- _Data_

######

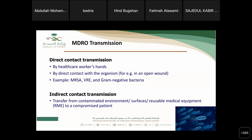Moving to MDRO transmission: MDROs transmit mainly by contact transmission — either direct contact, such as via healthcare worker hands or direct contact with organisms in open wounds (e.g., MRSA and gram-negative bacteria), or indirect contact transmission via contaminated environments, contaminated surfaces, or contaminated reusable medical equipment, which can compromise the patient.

######

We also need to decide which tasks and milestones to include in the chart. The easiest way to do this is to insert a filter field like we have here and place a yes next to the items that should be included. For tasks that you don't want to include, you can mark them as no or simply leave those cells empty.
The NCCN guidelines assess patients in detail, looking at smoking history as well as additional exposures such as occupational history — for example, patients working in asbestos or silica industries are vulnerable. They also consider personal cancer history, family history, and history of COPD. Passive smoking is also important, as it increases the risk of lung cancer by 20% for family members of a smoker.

######

- _Task to complete_
Referring to the material above, set down exactly the lines between the line with "We also need" and the line with "The NCCN guidelines", inclusive, and no other lines.

- _Answer section_
We also need to decide which tasks and milestones to include in the chart. The easiest way to do this is to insert a filter field like we have here and place a yes next to the items that should be included. For tasks that you don't want to include, you can mark them as no or simply leave those cells empty.
The NCCN guidelines assess patients in detail, looking at smoking history as well as additional exposures such as occupational history — for example, patients working in asbestos or silica industries are vulnerable. They also consider personal cancer history, family history, and history of COPD. Passive smoking is also important, as it increases the risk of lung cancer by 20% for family members of a smoker.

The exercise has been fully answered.